I could hear C.A. smiling over the phone.  "I like what you're saying 'cause I think people almost make an assumption that you need non-circumstantial evidence... to determine the answer to this kind of question, 'Does alien life exist and have they visited?'  People want to use a Beyond a Reasonable Doubt Standard.  You're arguing that that's not really appropriate.  You're really arguing by analogy, like OK if Preponderance of the Evidence works for these type of cases, why exactly does this one require Beyond a Reasonable Doubt standard?  That itself is not reasonable, it's not appropriate."

"Not only that," I added, "The standard being used goes beyond even Beyond a Reasonable Doubt because the Academic Standard is The Scientific Method; you need multiple 100% tests and then even the write-up on those multiple 100% tests..."

C.A. finished my sentence, "... test the hypothesis and then peer-reviewed."

"Yeah," I said.

"Yeah, exactly," he said.

"It's just an unreasonable standard," I concluded.

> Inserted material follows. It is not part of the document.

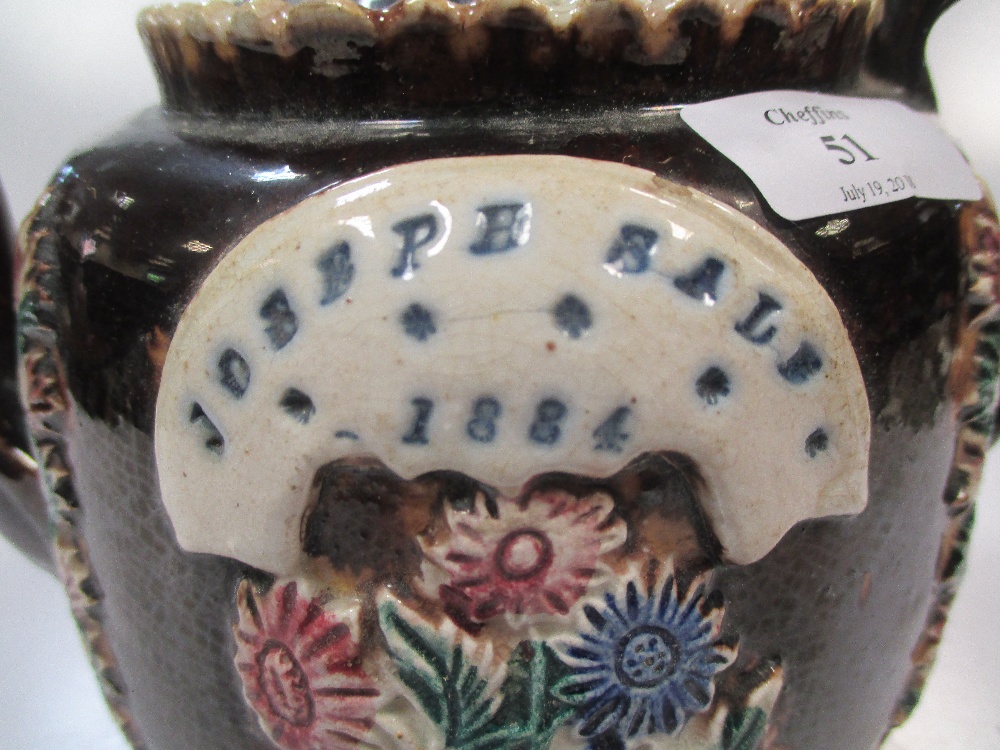 A 19th century bargeware teapot and cover, applied with a plaque incised 'Joseph Sale 1884' - Image 2 of 5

How much circumstantial evidence is needed to prove UFOs are real?
Where Captain Awesome drinks his coffee

There was a pause.  I think we both took a sip of coffee.

C.A. went on.  "So basically you're arguing, just the whole purpose of the call is you're trying to determine, what's the appropriate standard, here, and I think people, for whatever reason, they're saying, 'OK, this is technology, this is,' I don't know, 'Atmospheric phenomena, so we should use the Scientific Academic Standard,' and you're putting forth a good argument for using, you know, other standards."

"Yeah," I agreed.

"Like, the Scientific Standard is not the only one.  This is really a question of 'finding of fact'... It's not a scientific theory."

"Right."

"Like, you're basically saying, 'OK, this isn't a hypothesis.  It's not appropriate to use the Scientific Standard because,' you're saying, 'It's not a hypothesis, that alien life exists.' Your position is, it does 'cause you've seen it, so you should use a Civil Court, like a non-criminal trial standard.  Like, you're not advocating a thesis.  From your stand point you're not posing a question that you're proving so it's not the appropriate yard stick."

"Yeah."

Looking back over all this it suddenly occurred to me, maybe we are all asking the wrong question.  Maybe the question should not be, "How much circumstantial evidence is needed to prove UFOs are real," it should rather be, "Who asked Science?"  If Joe steals a TV, do we ask a Harvard professor to replicate the evidence and get it peer reviewed?  No, we apply a legal standard as the parameters for a fact-finder to either convict the dude or acquit him.

I love you, Science, but I need some space.  (Who asked you, anyway?)